THE PROBLEM ▸
Search each line of the data for the word "Pullover"; copy every line where it is found.

╭─ ENTRIES PROVIDED

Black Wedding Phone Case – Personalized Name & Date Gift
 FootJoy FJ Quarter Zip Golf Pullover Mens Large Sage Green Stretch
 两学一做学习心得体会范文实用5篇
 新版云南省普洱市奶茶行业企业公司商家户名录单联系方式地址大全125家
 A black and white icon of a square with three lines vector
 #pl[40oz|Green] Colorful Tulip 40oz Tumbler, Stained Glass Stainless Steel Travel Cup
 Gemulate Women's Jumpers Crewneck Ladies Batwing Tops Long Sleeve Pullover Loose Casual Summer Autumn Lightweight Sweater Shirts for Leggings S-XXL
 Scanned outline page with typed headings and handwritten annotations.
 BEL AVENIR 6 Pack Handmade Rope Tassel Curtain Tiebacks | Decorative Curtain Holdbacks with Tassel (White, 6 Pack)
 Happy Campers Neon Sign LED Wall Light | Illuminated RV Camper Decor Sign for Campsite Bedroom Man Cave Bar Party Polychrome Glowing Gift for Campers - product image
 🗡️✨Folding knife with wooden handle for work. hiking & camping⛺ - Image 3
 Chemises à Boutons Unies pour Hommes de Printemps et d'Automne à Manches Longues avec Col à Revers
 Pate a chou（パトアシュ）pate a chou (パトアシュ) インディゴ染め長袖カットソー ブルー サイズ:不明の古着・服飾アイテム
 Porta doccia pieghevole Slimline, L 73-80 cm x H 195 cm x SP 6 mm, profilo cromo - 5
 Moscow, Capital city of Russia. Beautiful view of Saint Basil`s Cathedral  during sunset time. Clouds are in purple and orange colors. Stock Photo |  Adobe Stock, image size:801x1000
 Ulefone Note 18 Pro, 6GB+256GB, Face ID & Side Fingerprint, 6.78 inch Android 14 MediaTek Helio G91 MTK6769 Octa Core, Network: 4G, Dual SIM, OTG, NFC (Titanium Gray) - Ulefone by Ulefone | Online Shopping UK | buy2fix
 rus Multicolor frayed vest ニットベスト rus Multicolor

╰─

RESPONSE ▸
 FootJoy FJ Quarter Zip Golf Pullover Mens Large Sage Green Stretch
 Gemulate Women's Jumpers Crewneck Ladies Batwing Tops Long Sleeve Pullover Loose Casual Summer Autumn Lightweight Sweater Shirts for Leggings S-XXL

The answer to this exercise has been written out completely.